TASK: Your task is to copy the records that follow exactly, minus any images.

[[ SOURCE INFORMATION open ]]

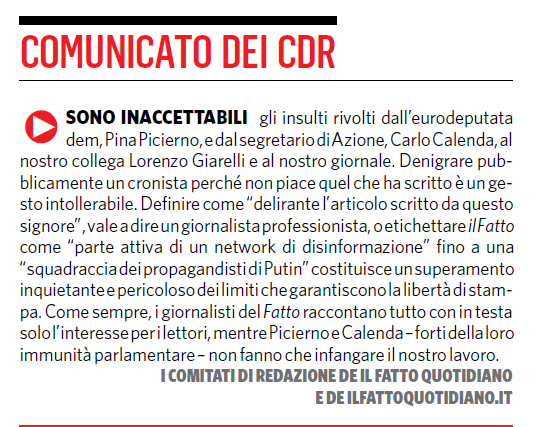 Questa storia deve finire perché è chiaro come il sole che l'attacco reiterato e giornaliero a un solo quotidiano fa parte di un progetto preciso che va avanti da anni, anzi direi da sempre.➡️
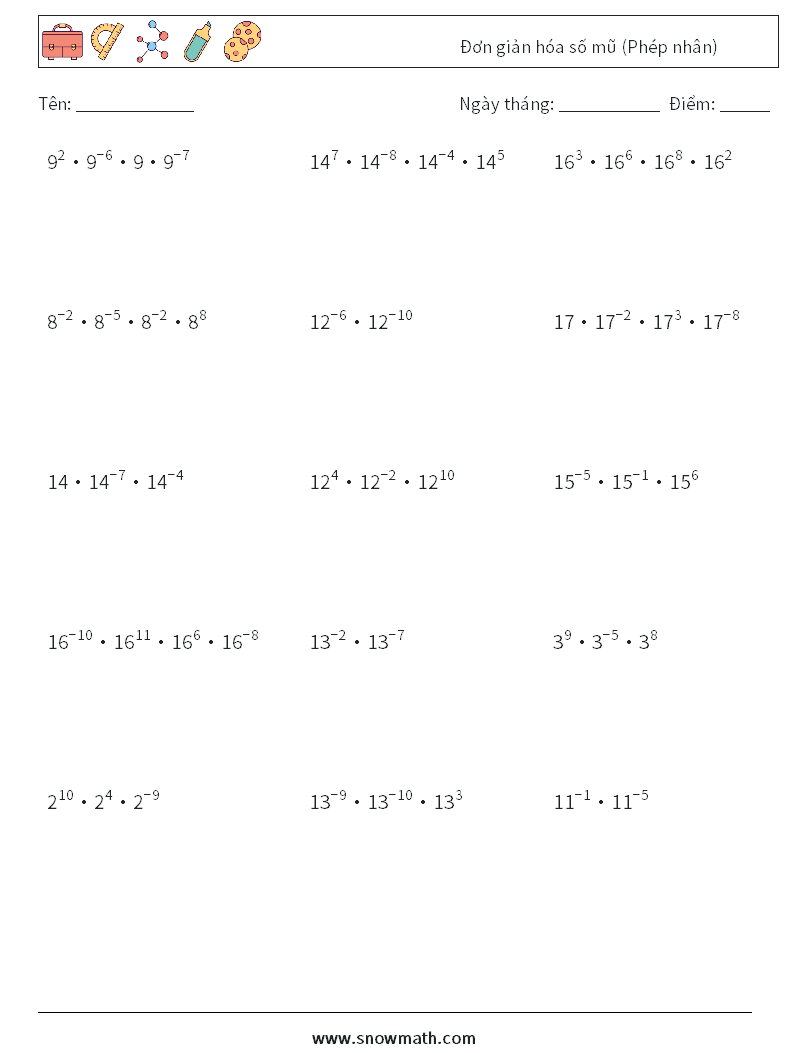 Đơn giản hóa số mũ (Phép nhân) Bảng tính toán học 3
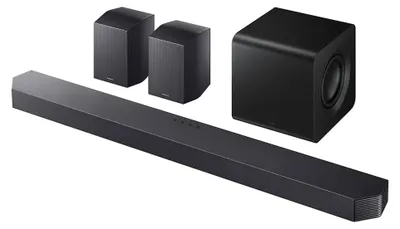Imagen del producto de Samsung HW-Q930H, sistema de sonido de 9.1.4 canales, compatible con Dolby Atmos, Dolby Digital Plus, Dolby TrueHD, Dolby Atmos Music, Dolby Digital 5.1, inalámbrico, color negro, acabado Titan Black, con tecnología High Dynamic Range 10+ para videojuegos (HDR10 Plus Gaming)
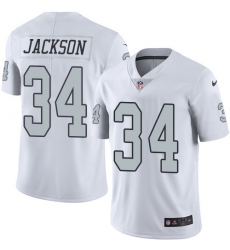Youth Nike Oakland Raiders #34 Bo Jackson Limited White Rush Vapor Untouchable NFL Jersey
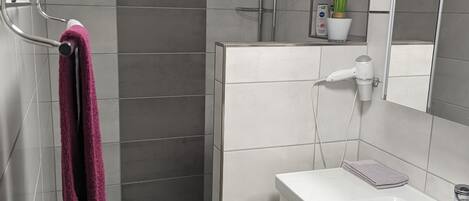 Dusche, Haartrockner, Handtücher, Seife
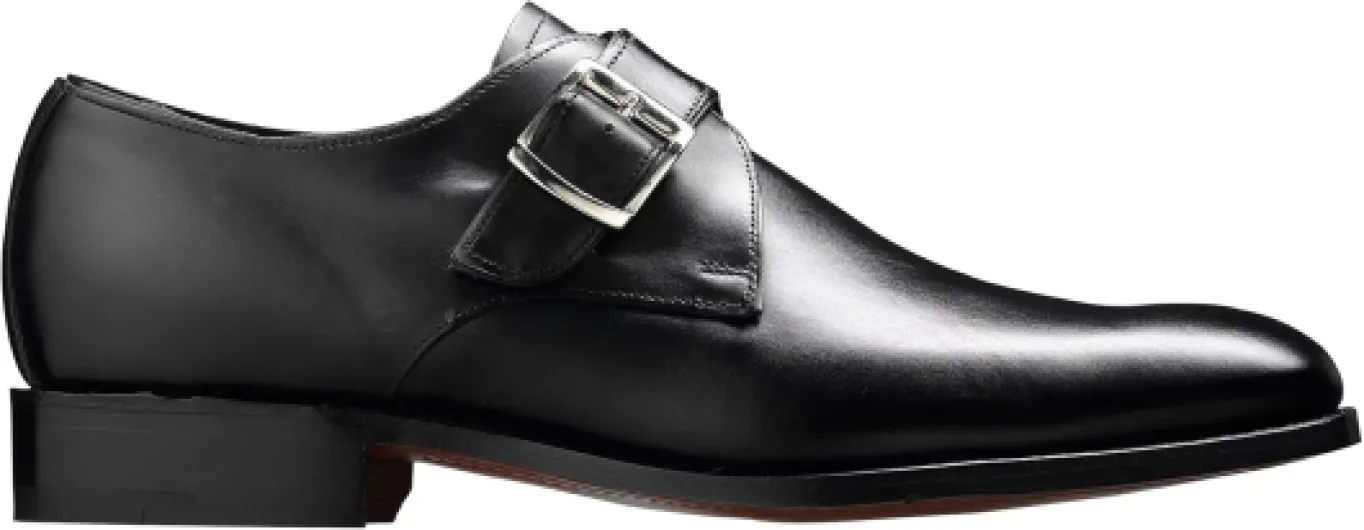 BARKER Northcote Men's Monk Strap Oxford Shoes – Classic Handmade Leather Formal Footwear 9 UK Black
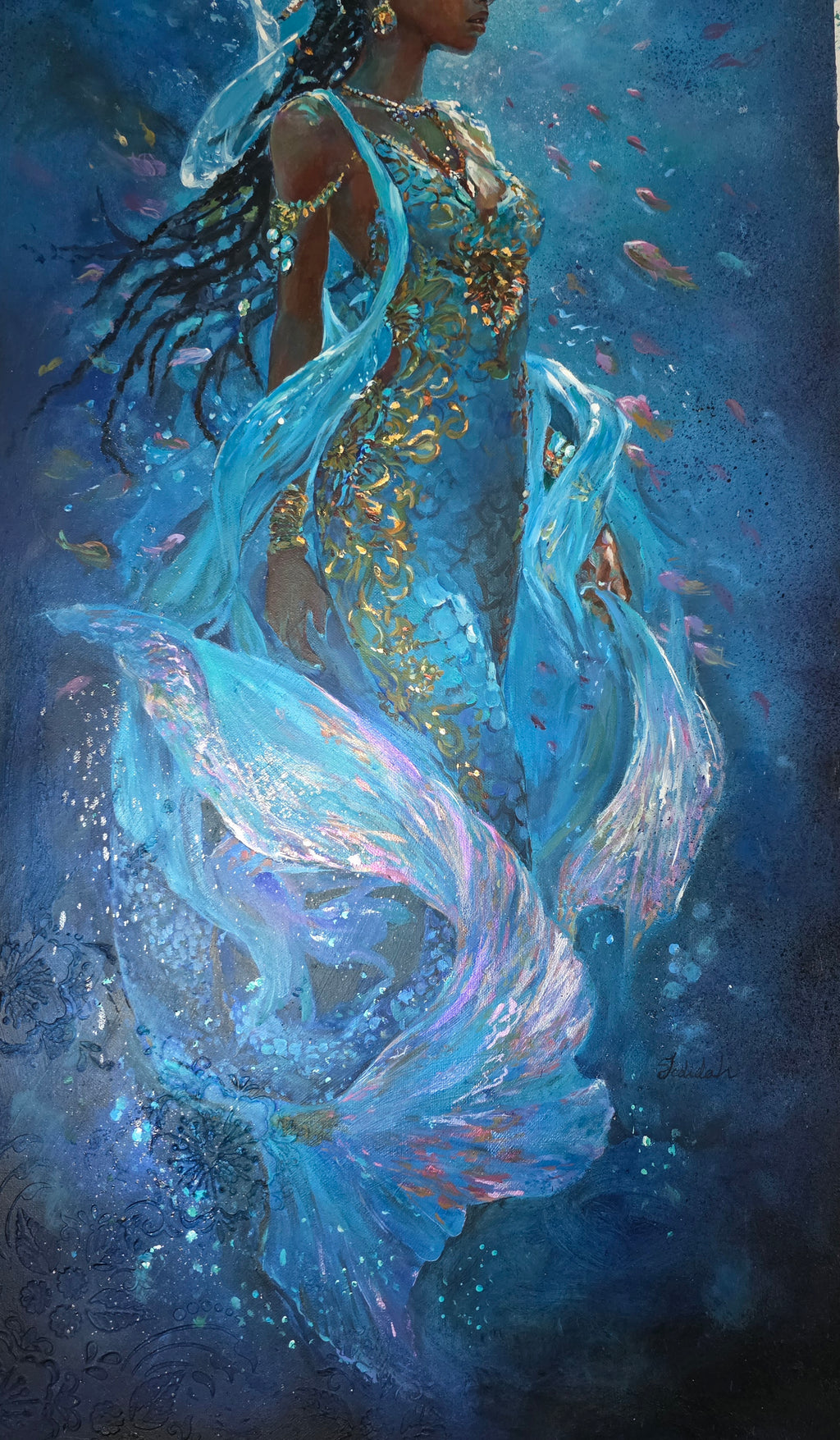 Mermaid art, underwater painting, textured art, African art work, inspired by  Swahlli showing a glowing tail.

[[ SOURCE INFORMATION closed ]]

WRITTEN SOLUTION:
 Questa storia deve finire perché è chiaro come il sole che l'attacco reiterato e giornaliero a un solo quotidiano fa parte di un progetto preciso che va avanti da anni, anzi direi da sempre.➡️
 Đơn giản hóa số mũ (Phép nhân) Bảng tính toán học 3
Imagen del producto de Samsung HW-Q930H, sistema de sonido de 9.1.4 canales, compatible con Dolby Atmos, Dolby Digital Plus, Dolby TrueHD, Dolby Atmos Music, Dolby Digital 5.1, inalámbrico, color negro, acabado Titan Black, con tecnología High Dynamic Range 10+ para videojuegos (HDR10 Plus Gaming)
Youth Nike Oakland Raiders #34 Bo Jackson Limited White Rush Vapor Untouchable NFL Jersey
 Dusche, Haartrockner, Handtücher, Seife
 BARKER Northcote Men's Monk Strap Oxford Shoes – Classic Handmade Leather Formal Footwear 9 UK Black
 Mermaid art, underwater painting, textured art, African art work, inspired by  Swahlli showing a glowing tail.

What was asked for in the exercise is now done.